Nach Auffassung des Gerichts kann auch nicht zwischen solchen personenbezogenen Daten differenziert werden, deren Auskunftserteilung Mandanteninteressen zuwider läuft und solchen deren Auskunftserteilung Mandanteninteressen nicht zuwider läuft. Vielmehr besteht nach Ansicht des Gerichts ein Anspruch auf Auskunft nach § 34 Bundesdatenschutzgesetz grundsätzlich nicht, soweit die Daten aufgrund eines Mandatsverhältnisses erhoben worden sind. Denn es lässt sich - unabhängig von der Frage, dass das Bundesdatenschutzgesetz grundsätzlich nicht zwischen unempfindlichen und empfindlichen Daten differenziert - nicht verallgemeinernd dazwischen differenzieren, dass es solche Daten gibt, die den Mandanteninteressen zuwider laufen und solche, die die Mandanteninteressen nicht tangieren. Denn selbst die Auskunftserteilung darüber, dass Daten einer Person bei einem Rechtsanwalt gespeichert sind, die allgemein zugänglich sind, kann bereits das Mandantschaftsverhältnis insoweit tangieren, als dass diese Person im Moment der Auskunftserteilung darüber informiert wird, dass im Zusammenhang mit ihrem Namen ein Rechtsanwalt mandatiert worden ist.
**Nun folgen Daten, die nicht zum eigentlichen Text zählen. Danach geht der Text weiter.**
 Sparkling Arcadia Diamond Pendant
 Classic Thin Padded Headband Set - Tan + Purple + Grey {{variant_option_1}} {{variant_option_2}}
Vorliegend geht es um solche Daten, die dem Beklagten im Rahmen eines Mandantschaftsverhältnisses bekannt geworden sind, wie das Ausgangsverfahren vor dem Amtsgericht I. so nahe liegt, dass das Gericht hiervon überzeugt ist. Der rechtskräftige Abschluss dieses Ausgangsverfahrens in I. ändert nichts daran, dass die Verpflichtung zur Verschwiegenheit gemäß § 2 Abs. 2 der anwaltlichen Berufsordnung (BORA) auch nach Beendigung des Mandats fortbesteht.

Da die anwaltliche Schweigepflicht einem Auskunftsanspruch des Klägers gemäß § 34 Bundesdatenschutzgesetz somit grundsätzlich entgegensteht, musste die Beklagte auch nicht darüber Auskunft erteilen, aus welchen Gründen sie dem Kläger keine Auskunft über personenbezogene Daten wegen ihrer entgegenstehenden Schweigepflicht erteilen konnte. Wenn nämlich kein Anspruch auf Auskunft besteht, besteht eben überhaupt keine Auskunftsverpflichtung.

Die Kostenentscheidung beruht auf § 91 ZPO, die Entscheidung über die vorläufige Vollstreckbarkeit folgt aus den §§ 708, 711, 713 ZPO.

Der Streitwert wird festgesetzt auf bis zu 600,- EUR.